Nog één maal Arnold Heertje.
In de NRC van 12 juli jl. geeft u een
leugenachtige voorstelling naar aanleiding van mijn verzoek het verleden in de
oorlog van uw grootouders nader in het licht te stellen. Ik heb nooit gezegd
"stel dat uw grootouders fout waren, dan bevestigt dat uw ongelijk".
Ik heb expliciet geen verband gelegd tussen het handelen van uw grootouders en
het samenstel van uw grievende beweringen.
Jazeker wel: u heeft gezegd dat de achtergrond
van een historicus verklaart wat hij schrijft, en als voorbeeld Chris van der
Heijden gegeven, wiens interpretatie zou voortvloeien uit zijn vaders
collaboratie. U gebruikt de term ‘leugenachtig’ nogal losjes, moet ik zeggen.
Dat u niettemin deze valse voorstelling van zaken
in de NRC etaleert, is m.i. karakteristiek voor de werkwijze die u hanteert. U
deinst niet terug voor het hanteren van methoden die niet stroken met een
wetenschappelijke werkwijze. Hebt u zich weleens afgevraagd waarom zoveel Joden
zijn gaan onderduiken, daartoe in staat gesteld door veel niet-Joodse mensen
die grote risico’s namen, indien de Joodse Nederlanders slechts naar een
(zwaar) werkkamp gingen? Hebt u zich weleens afgevraagd waarom baby’s, ouden
van dagen en zwangere vrouwen naar de kampen zijn gestuurd als het in de
beleving van de bevolking slechts om werkkampen ging?

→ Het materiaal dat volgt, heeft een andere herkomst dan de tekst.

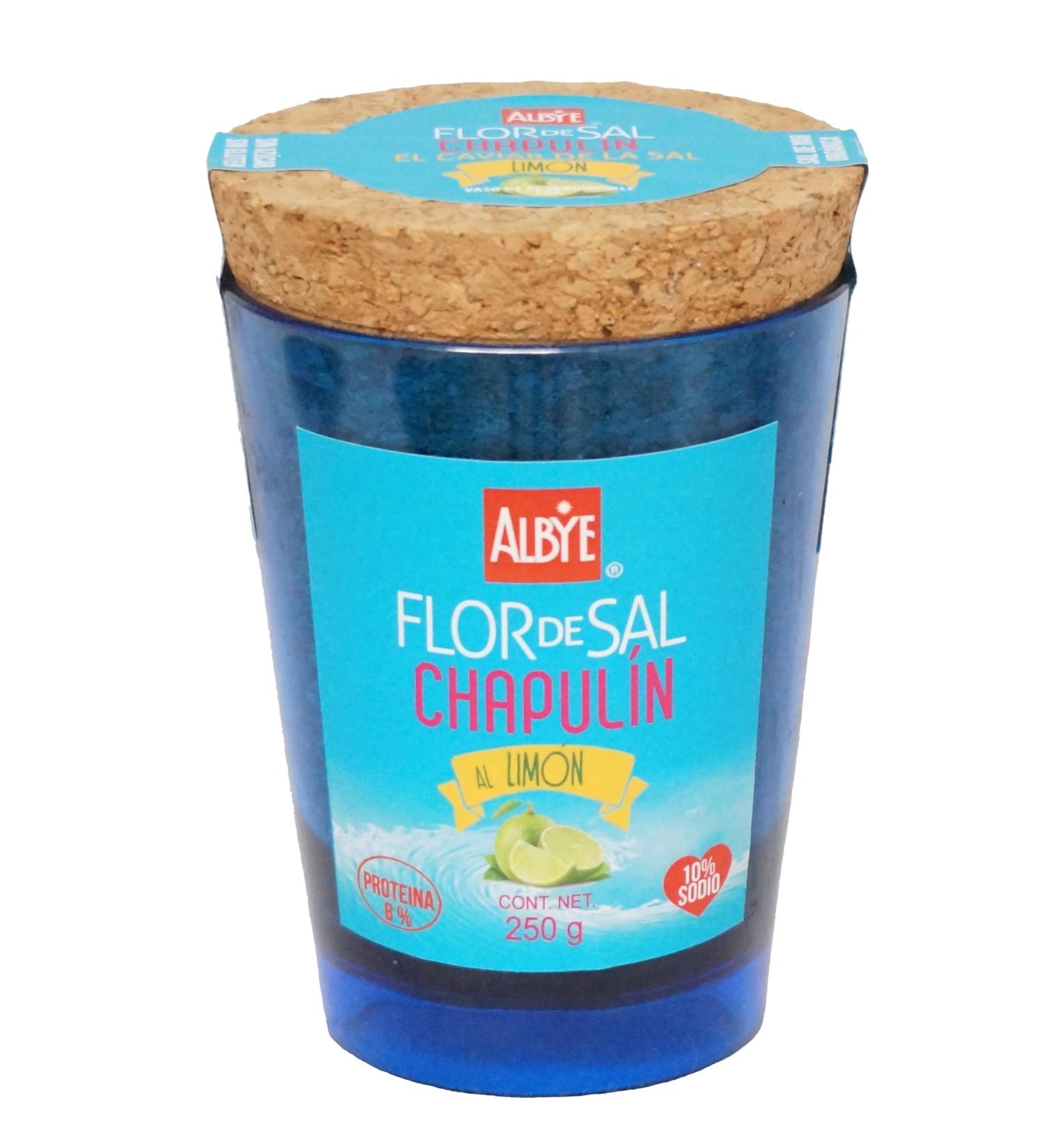 Fleur de Sel of Chapuline to the Lemon Protein10% Low Sodium 10% Unbreakable Tumbler with 250 g(8.8oz) for Beer Tequila Mezcal Cocktails & Gourmet Saucers. The Caviar of Salt - Buy Online on SooperMarket.com
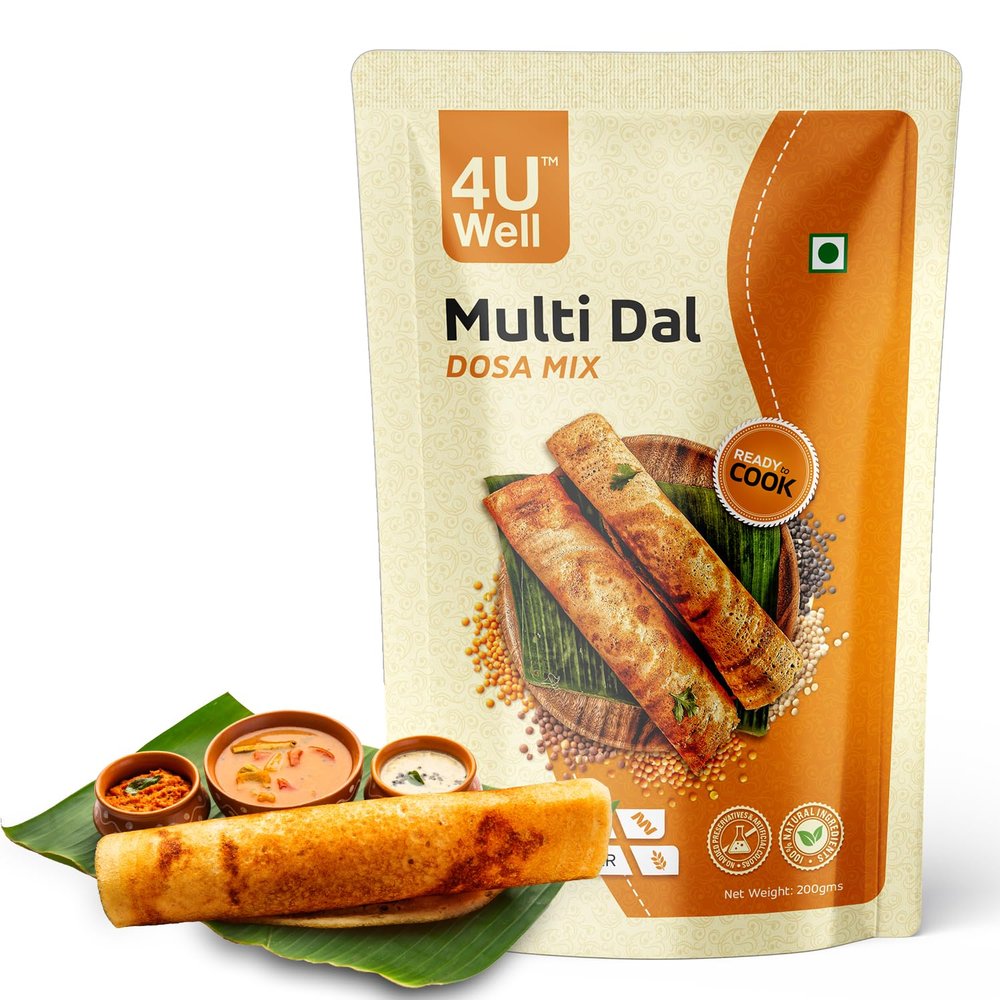 4UWell Instant Multi Dal Dosa Breakfast Mix 200g | High Protein and Fiber Pure Veg, Power of Five Dals In Every Dosa Indian Breakfast Mix | No of Servings Per Pack 8 (Approx)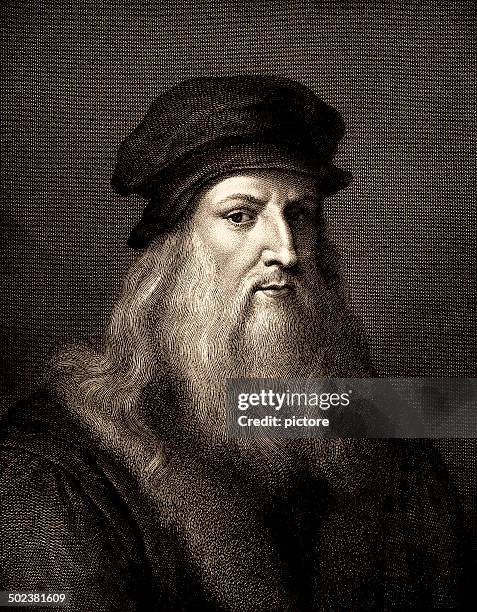 ilustraciones, imágenes clip art, dibujos animados e iconos de stock de leonardo da vinci - pintor artista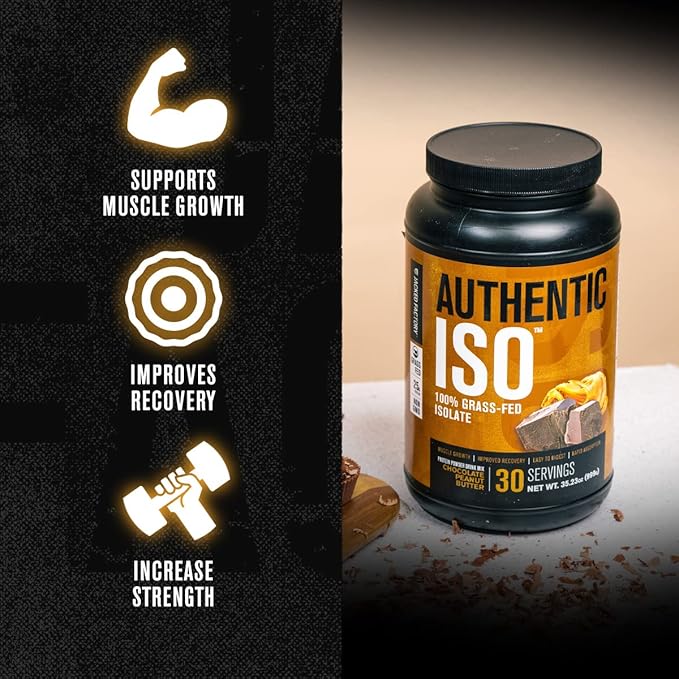 Jacked Factory Authentic ISO Grass Fed Whey Protein Isolate Powder - Low Carb Non-GMO Muscle Building Protein w/No Fillers (Chocolate Peanut Butter 30sv) &amp (Chocolate 30sv)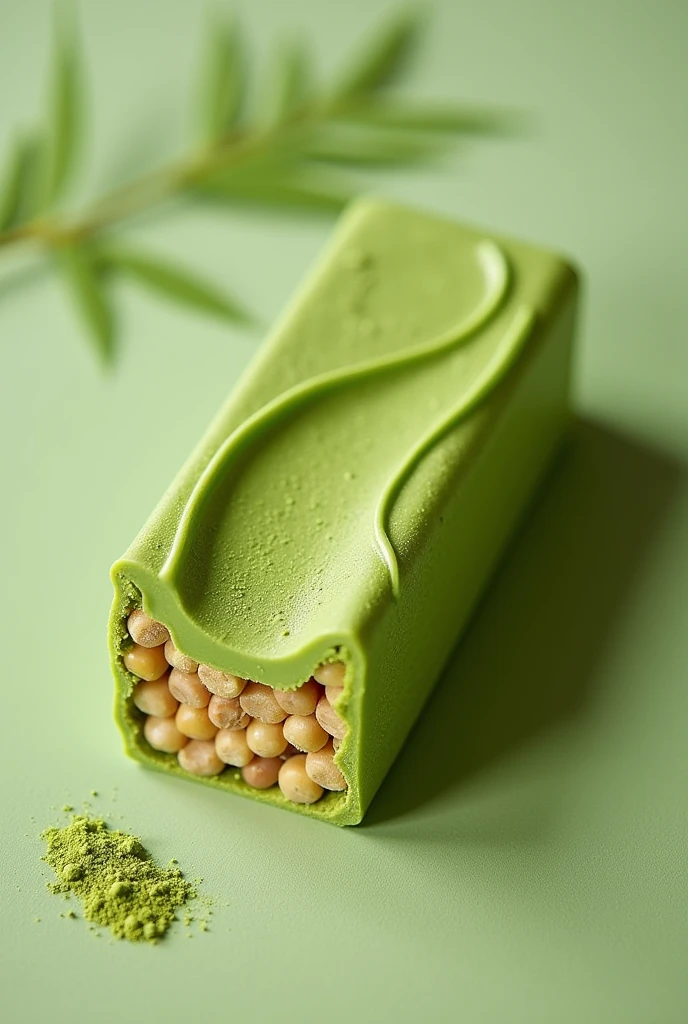 Create a matcha protein bar that is based on chickpea flour, peanut and matcha cream. the name is "Matche Protein Bar", that has a green color, and a soft consistency is noted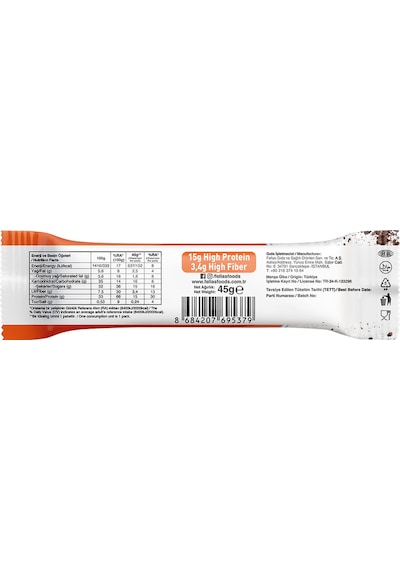 Fellas Yüksek Protein Bar - Portakal & Kakao 45 G x 12 Adet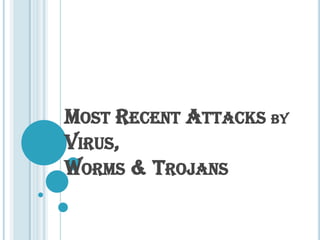 MOST RECENT ATTACKS BY
VIRUS,
WORMS & TROJANS
 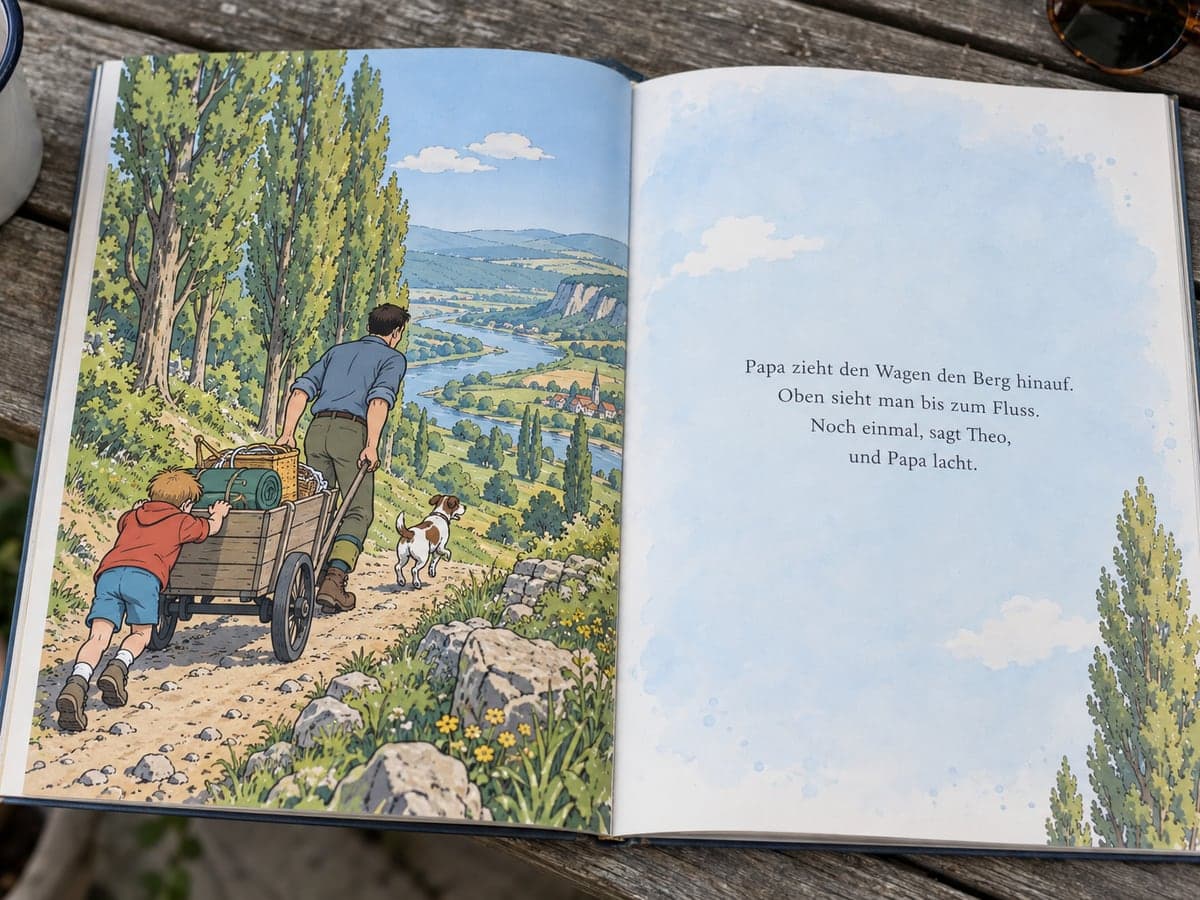 Aufgeschlagenes personalisiertes Kinderbuch zum Vatertag, links die Illustration, rechts der Text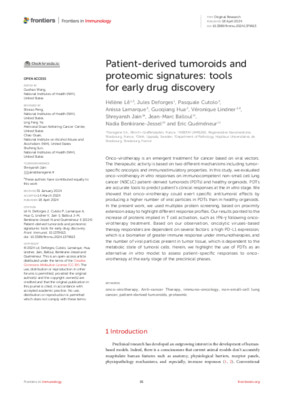 Patient-derived tumoroids and proteomic signatures: tools for early drug discovery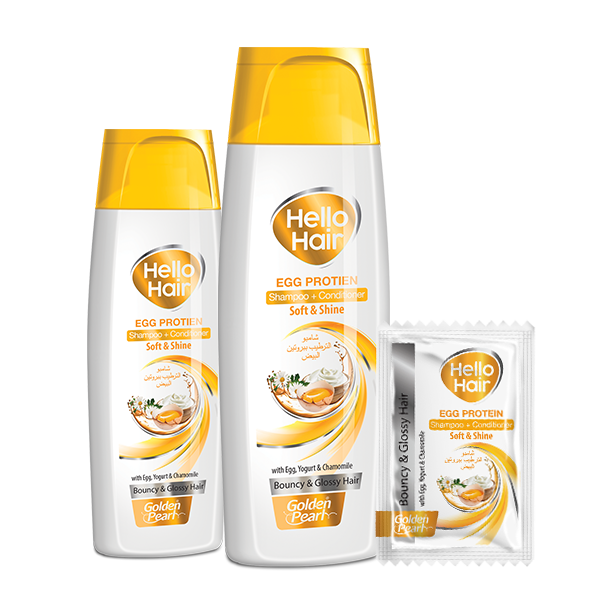 Golden Pearl Hello Hair – Egg Protein Shampoo + Conditioner Soft & Shine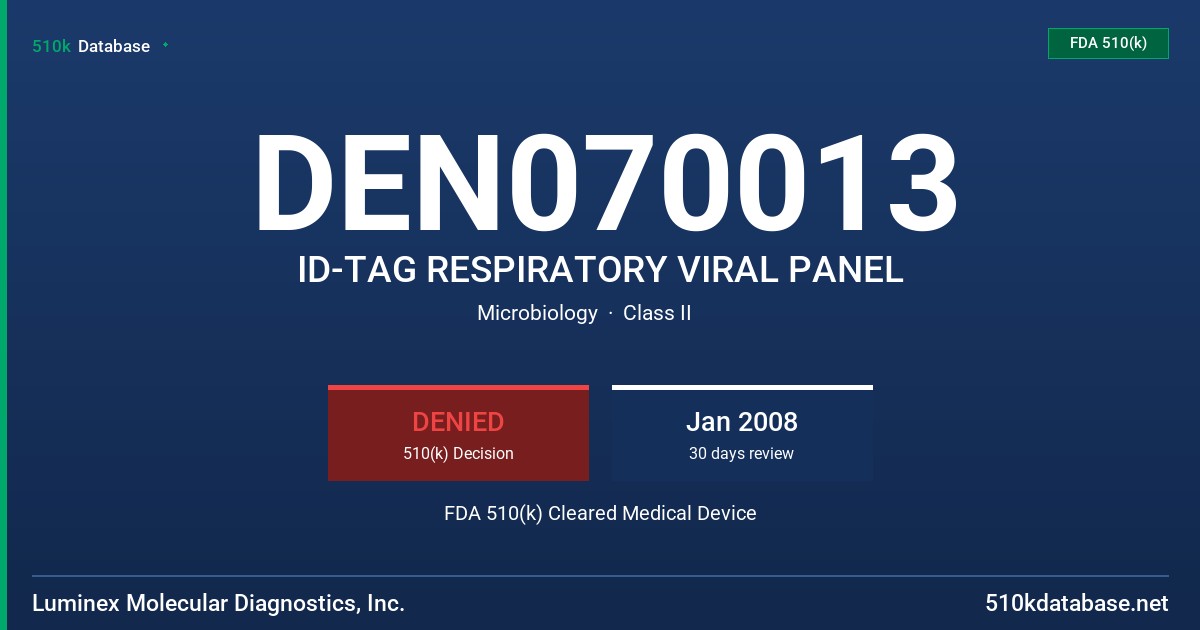DEN070013 ID-TAG RESPIRATORY VIRAL PANEL FDA 510(k) Cleared Medical Device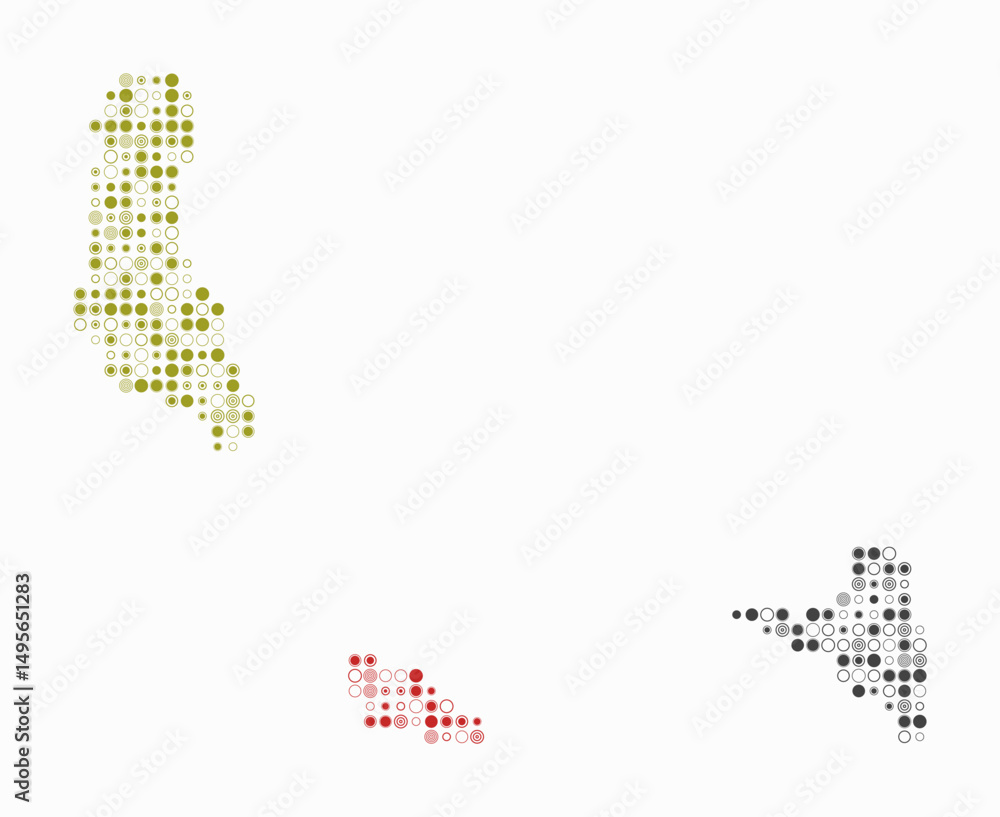 Poster comoros, shape of the country build of colored cells. digital style map of the comoros on white back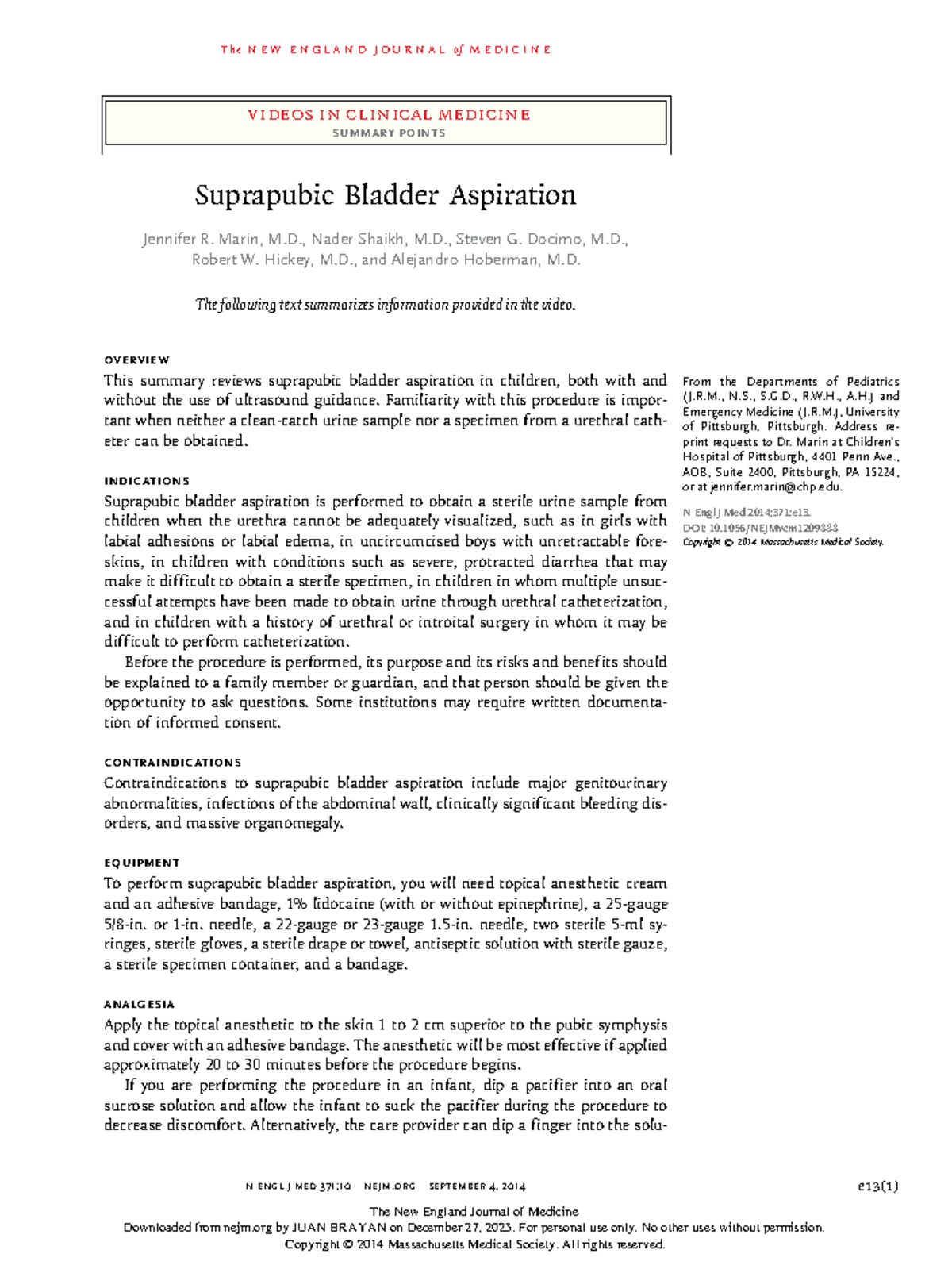 Suprapubic Bladder Aspiration in Pediatric Patients (NEJM 371:10) - Studocu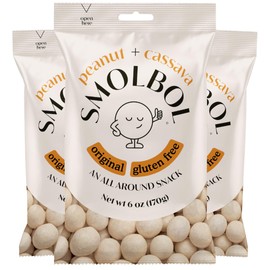 SMOLBOL Crunchy Peanuts | Roasted and Lightly Salted | Gluten-Free Cassava Crust | No Sugar | Plant Protein Snack | Birthday Snacks for Kids | Party Snacks for Adults | Family Size | 6oz (Pack of 3)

Zeker, dat heb ik mij afgevraagd en dat staat
ook allemaal in mijn boek, dat u toch echt niet erg goed lijkt te hebben
gelezen. Als ik me goed herinner staat het antwoord op deze vragen zelfs in
mijn eerste mail aan u. Maar omdat ik op onverklaarbare wijze blijf geloven dat
u toch ergens gevoelig moet zijn voor argumenten, nog een keer: men dacht dat
de Duitsers de Joden wilden uitroeien, door degenen die werken konden zwaar
werk te laten doen en degenen die niet werken konden, aan hun lot over te
laten. Niemand geloofde in ‘gewone’ tewerkstelling, onder andere omdat ook baby’s
en bejaarden meegingen. Sommige Joden en niet-Joden vonden dit vooruitzicht
ernstig genoeg om onder te duiken c.q. het risico van onderduik geven te nemen.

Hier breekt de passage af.